Image taken from The South
Carolina Gold Museum Gallery,
which is no longer an active
link but still a museum located
in Pickens, SC.
When people "panned" for gold, they were looking for the placer deposits or concentrations of gold in gravel called "pay streaks." Today there are many places throughout the world where you can still pan for gold.  One could even plan a vacation around that very activity, at gold prospecting trips (Kirkemo 15). Here is a site about gold panning in South Carolina, http://www.goldmaps.com/east/south_carolina_gold_mines.htm.
The largest gold mine today is found in South Africa.  All throughout earth history it is believed that these large deposits were formed in the Precambrian times.  Unfortunately the Precambrian is a relatively long period of time and we know very little about it compared to more recent periods of earth history.  In a broad sense, these large African deposits occurred somewhere between about 3,000 to about 544 million years ago (Klein 336).
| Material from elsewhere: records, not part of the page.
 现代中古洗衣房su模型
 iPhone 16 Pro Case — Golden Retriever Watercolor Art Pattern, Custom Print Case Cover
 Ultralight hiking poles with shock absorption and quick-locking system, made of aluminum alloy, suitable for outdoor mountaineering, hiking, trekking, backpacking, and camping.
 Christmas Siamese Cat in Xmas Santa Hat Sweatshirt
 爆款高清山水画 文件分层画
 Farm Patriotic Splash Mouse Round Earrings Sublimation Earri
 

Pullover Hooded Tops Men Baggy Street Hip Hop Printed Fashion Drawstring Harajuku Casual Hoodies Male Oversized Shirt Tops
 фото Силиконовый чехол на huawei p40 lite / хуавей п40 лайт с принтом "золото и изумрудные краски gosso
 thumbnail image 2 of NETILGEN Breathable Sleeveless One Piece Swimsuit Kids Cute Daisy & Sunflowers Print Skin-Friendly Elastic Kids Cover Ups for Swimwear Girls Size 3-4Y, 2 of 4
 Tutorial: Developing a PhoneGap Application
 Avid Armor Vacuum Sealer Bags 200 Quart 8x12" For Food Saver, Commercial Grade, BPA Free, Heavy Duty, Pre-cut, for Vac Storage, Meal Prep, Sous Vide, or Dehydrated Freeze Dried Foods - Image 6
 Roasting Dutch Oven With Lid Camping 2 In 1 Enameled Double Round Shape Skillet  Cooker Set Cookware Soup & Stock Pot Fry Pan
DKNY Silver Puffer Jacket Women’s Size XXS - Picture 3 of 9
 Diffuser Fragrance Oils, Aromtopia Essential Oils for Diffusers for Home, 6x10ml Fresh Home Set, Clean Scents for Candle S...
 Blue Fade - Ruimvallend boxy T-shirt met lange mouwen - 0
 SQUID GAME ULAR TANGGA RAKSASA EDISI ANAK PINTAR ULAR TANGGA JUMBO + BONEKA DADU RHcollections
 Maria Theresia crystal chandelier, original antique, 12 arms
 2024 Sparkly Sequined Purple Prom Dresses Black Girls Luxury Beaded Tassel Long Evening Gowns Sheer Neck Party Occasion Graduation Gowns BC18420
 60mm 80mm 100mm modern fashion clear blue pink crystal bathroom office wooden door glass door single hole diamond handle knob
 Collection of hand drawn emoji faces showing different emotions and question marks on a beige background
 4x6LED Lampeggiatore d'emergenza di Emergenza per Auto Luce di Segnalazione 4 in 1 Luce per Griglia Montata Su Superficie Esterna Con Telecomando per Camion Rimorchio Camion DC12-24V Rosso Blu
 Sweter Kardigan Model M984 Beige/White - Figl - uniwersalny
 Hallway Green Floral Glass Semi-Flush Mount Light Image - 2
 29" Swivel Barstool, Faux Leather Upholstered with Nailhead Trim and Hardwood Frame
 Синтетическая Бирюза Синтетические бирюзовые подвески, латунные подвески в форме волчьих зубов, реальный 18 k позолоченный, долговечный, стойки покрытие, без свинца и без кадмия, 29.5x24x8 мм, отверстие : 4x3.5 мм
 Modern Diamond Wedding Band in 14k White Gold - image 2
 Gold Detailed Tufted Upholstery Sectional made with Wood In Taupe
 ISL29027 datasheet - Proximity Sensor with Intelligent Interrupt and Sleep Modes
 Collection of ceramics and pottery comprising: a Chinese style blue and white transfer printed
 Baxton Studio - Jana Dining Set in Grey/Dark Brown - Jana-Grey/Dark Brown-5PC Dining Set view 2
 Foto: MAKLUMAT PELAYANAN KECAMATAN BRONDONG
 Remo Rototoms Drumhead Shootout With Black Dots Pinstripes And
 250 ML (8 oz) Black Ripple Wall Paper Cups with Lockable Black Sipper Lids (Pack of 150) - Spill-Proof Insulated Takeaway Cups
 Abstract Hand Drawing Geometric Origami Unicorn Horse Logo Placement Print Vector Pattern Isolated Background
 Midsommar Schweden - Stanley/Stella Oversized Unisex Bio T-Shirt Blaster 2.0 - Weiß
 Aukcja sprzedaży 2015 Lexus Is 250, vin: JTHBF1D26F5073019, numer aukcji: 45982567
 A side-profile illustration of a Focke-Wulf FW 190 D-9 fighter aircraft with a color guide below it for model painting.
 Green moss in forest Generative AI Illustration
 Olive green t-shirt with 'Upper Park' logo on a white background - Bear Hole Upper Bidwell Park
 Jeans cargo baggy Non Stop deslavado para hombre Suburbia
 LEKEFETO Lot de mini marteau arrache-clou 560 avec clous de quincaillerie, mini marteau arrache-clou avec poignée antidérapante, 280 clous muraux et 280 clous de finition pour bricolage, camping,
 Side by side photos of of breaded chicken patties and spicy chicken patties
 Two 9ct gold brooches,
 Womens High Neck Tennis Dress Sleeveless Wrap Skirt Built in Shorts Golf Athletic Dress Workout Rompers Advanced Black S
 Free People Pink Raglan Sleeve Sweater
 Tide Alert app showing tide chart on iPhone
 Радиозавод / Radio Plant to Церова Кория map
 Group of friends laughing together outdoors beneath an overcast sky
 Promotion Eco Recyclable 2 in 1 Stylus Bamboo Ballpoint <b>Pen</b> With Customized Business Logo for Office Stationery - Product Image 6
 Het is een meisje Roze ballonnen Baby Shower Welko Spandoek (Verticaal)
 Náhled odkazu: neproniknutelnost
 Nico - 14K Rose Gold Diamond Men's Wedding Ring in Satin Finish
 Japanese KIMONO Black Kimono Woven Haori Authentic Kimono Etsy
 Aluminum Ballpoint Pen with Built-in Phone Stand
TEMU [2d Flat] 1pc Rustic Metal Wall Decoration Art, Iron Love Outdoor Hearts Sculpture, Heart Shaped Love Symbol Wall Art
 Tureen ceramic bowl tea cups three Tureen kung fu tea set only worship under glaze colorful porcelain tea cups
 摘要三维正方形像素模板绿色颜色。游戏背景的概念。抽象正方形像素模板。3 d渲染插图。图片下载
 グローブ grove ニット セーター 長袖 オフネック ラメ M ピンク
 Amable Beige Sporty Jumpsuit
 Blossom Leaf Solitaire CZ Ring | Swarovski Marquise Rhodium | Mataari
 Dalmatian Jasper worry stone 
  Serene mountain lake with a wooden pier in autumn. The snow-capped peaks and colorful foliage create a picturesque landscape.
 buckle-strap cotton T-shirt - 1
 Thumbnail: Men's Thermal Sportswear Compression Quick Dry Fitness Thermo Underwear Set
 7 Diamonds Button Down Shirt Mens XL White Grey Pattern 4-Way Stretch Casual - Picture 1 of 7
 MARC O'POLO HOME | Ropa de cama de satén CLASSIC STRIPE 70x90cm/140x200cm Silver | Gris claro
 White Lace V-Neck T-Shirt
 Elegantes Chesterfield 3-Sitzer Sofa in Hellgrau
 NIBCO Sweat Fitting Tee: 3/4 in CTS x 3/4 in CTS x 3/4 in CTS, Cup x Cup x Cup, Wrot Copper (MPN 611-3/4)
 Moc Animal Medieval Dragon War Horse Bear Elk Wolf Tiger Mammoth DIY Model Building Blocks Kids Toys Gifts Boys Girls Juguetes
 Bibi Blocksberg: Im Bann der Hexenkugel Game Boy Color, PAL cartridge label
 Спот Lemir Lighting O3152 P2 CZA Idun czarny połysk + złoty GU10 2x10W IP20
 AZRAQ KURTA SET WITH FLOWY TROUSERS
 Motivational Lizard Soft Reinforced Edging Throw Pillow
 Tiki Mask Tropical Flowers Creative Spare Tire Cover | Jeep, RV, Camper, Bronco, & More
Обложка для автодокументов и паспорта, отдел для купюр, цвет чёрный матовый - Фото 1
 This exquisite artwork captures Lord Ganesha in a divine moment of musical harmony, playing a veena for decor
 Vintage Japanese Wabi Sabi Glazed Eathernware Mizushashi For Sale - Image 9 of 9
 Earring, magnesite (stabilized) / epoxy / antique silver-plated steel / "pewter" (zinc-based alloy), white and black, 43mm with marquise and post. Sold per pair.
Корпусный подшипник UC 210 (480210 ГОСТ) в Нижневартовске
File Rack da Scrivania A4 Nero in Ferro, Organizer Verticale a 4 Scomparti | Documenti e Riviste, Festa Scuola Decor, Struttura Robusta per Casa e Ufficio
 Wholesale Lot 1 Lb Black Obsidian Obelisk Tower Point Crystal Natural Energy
The South African deposits are a type of placer deposit, although the Precambrian deposits are called "fossil" placers.  These deposits are placers that at one point were flowing through streams but eventually the streams ran dry.  Over time the gold was buried under other sedimentary rocks and are consequently cemented into hard rock.  Evidence for ancient river channels and banks is seen, with one of the most famous of these deposits being the Precambrian Witwatersrand conglomerate nicknamed the "Rand."  This conglomerate is found in the Transvaal area of South Africa and other similar conglomerate fossil placers are found in the Orange Free State of South Africa (Klein 336). 

Uses of Gold

Gold was one of the very first metals to be mined in all of human history.  One reason for this is the fact that gold occurs so often in its native form which means it lacks significant amounts of other metals with it.  Along with its purity, the first miners, which can be traced all the way back to the first century, used gold because of its unmistakable beauty and durability.  Gold's ductility and malleability lend the metal to uses in decorations, jewelry, masks, cups, diadems, beads, buttons and use on the tombs of famous rulers, such as Tutankhamun (Kirkemo 2).

Gold is valued for its beauty and rarity, but also as bullion to be used in international currency settlements.  Gold is used as allied wares, electrical-electronic applications, dentistry, the aircraft-aerospace industry, the arts, medical, and chemical fields (Klein 336).  Gold's many uses, rarity, and beauty keep the price for this noble metal.